Please repeat the lines below, exactly and only, from the one that holds "无精不欢 无精不欢参与公益活动" through the one that holds "再见了，哥哥们！(1/2)-第311话".

── TASK DATA

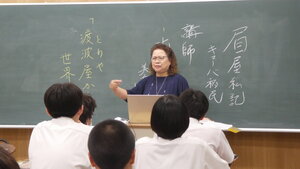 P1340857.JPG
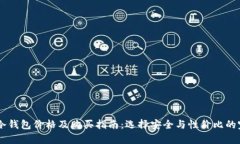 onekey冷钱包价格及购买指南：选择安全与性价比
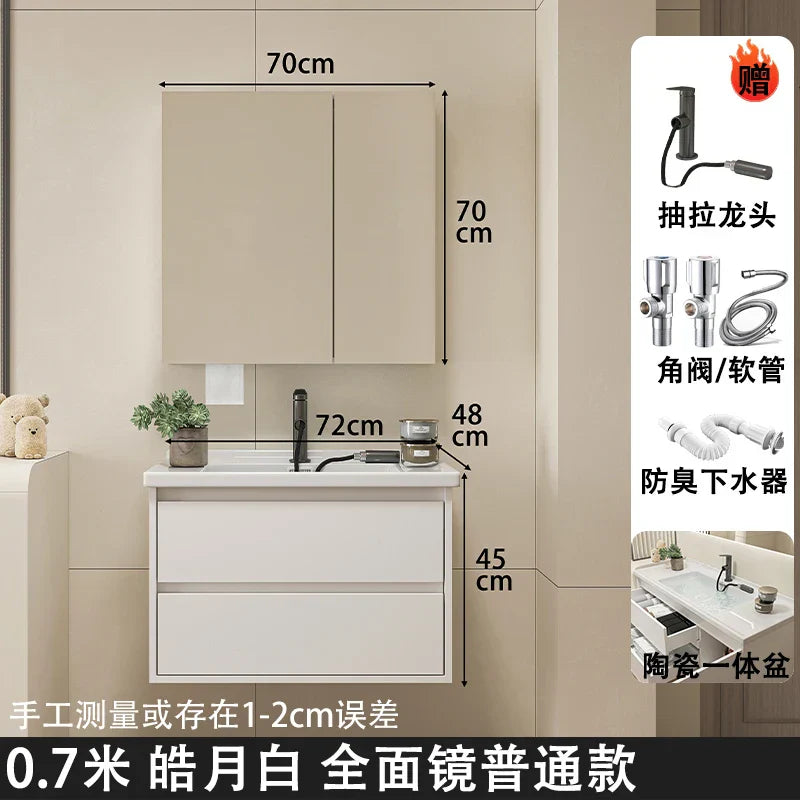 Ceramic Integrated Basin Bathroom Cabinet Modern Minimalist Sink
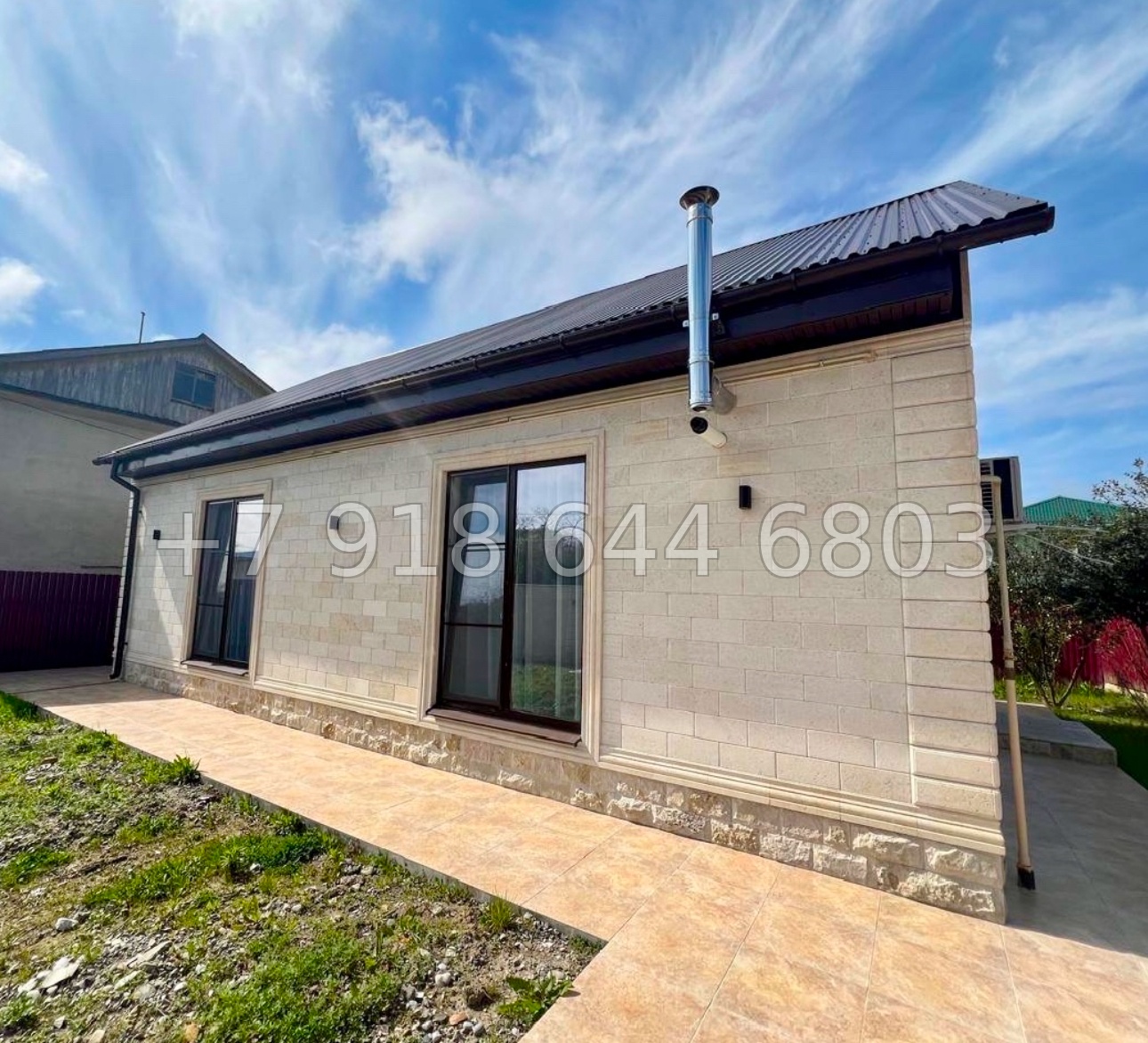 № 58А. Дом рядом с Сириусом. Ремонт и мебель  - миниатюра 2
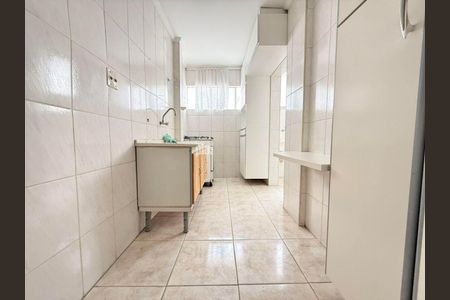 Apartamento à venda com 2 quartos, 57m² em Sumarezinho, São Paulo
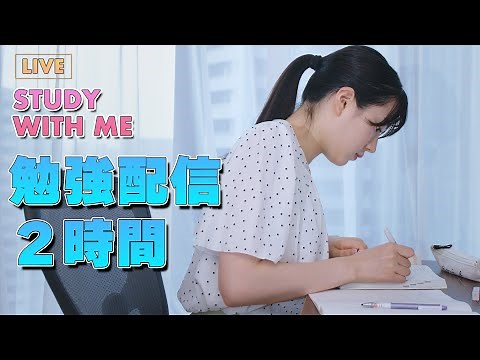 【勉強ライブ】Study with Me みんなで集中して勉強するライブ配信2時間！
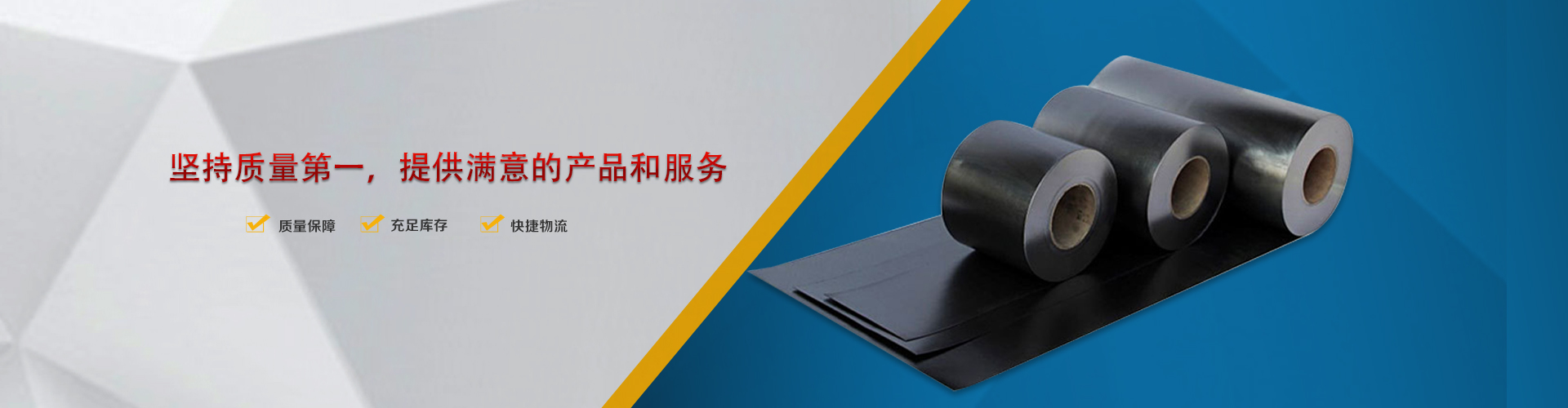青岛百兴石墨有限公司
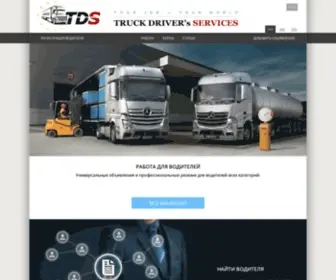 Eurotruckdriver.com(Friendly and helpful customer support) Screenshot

────
── TASK DATA

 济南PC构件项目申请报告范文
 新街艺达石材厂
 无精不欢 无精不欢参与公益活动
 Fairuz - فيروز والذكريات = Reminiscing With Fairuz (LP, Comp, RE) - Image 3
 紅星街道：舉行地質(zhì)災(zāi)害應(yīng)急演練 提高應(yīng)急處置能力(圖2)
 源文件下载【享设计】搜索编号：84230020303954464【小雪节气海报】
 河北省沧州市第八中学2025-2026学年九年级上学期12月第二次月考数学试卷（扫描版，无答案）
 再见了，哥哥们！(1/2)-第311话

────
── TASK DATA

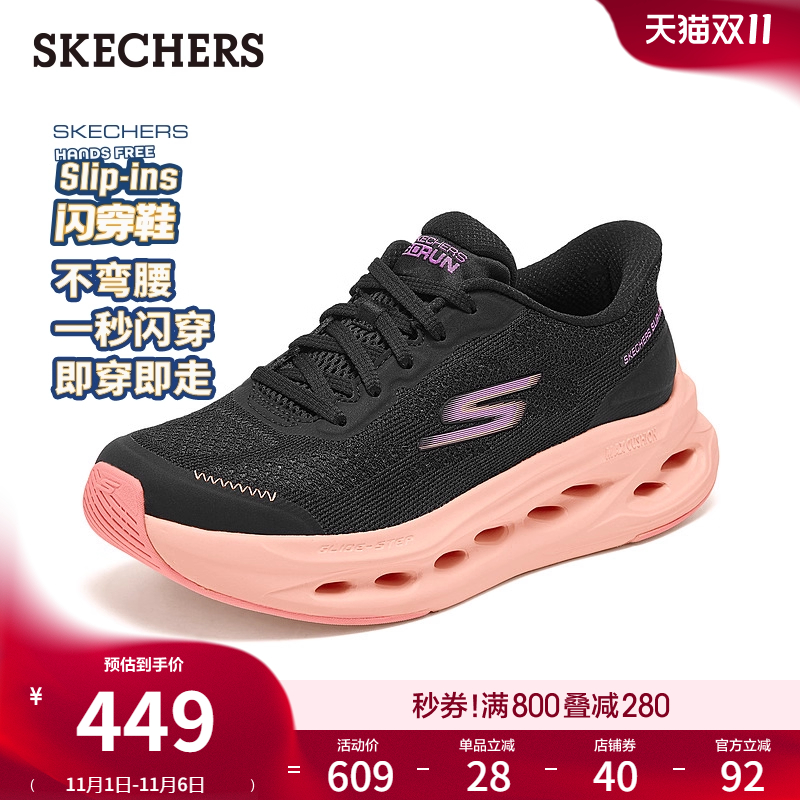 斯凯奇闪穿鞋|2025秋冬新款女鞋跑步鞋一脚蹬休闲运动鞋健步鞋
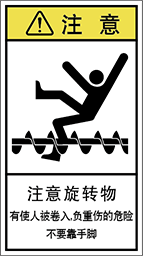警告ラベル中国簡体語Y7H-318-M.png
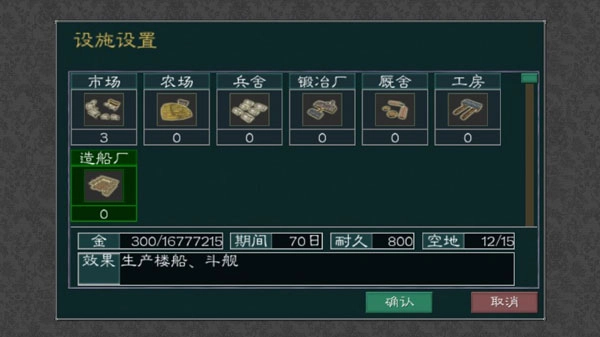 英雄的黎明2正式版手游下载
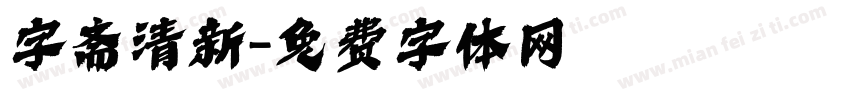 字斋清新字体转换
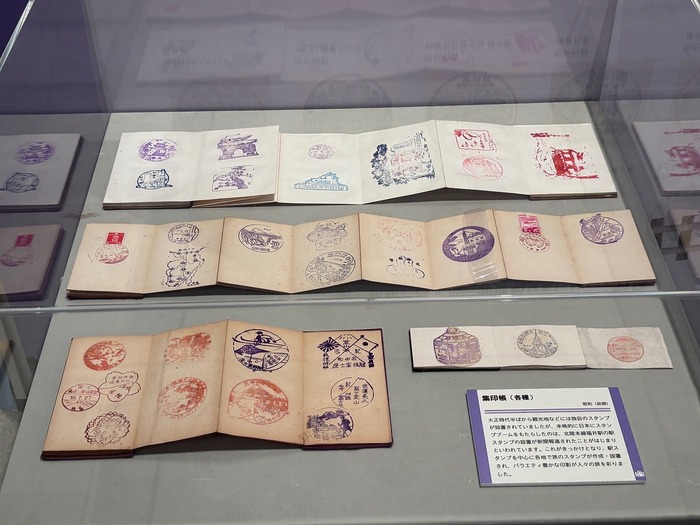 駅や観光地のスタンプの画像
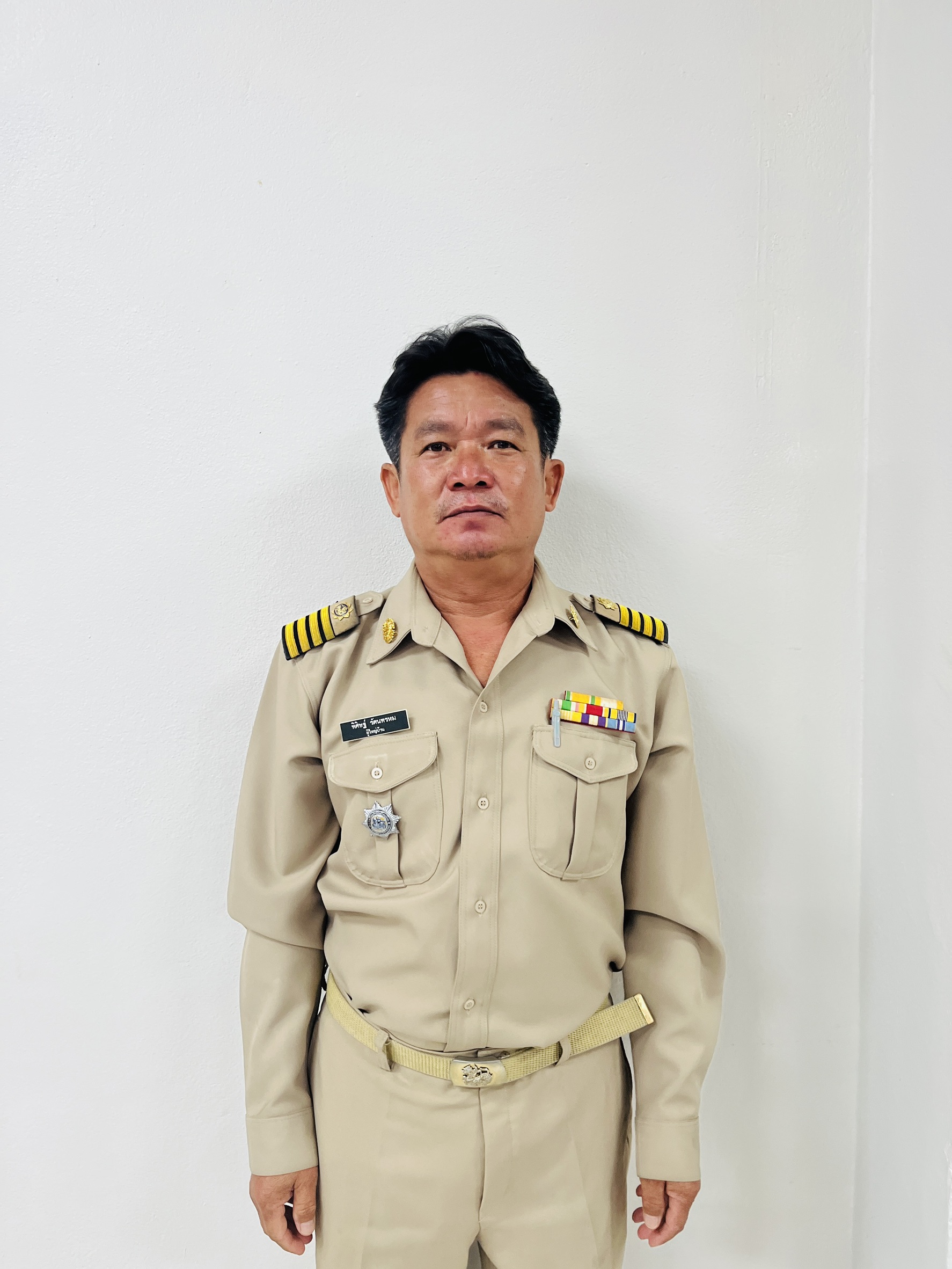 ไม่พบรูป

────

◆ WORKED SOLUTION
 无精不欢 无精不欢参与公益活动
 Fairuz - فيروز والذكريات = Reminiscing With Fairuz (LP, Comp, RE) - Image 3
 紅星街道：舉行地質(zhì)災(zāi)害應(yīng)急演練 提高應(yīng)急處置能力(圖2)
 源文件下载【享设计】搜索编号：84230020303954464【小雪节气海报】
 河北省沧州市第八中学2025-2026学年九年级上学期12月第二次月考数学试卷（扫描版，无答案）
 再见了，哥哥们！(1/2)-第311话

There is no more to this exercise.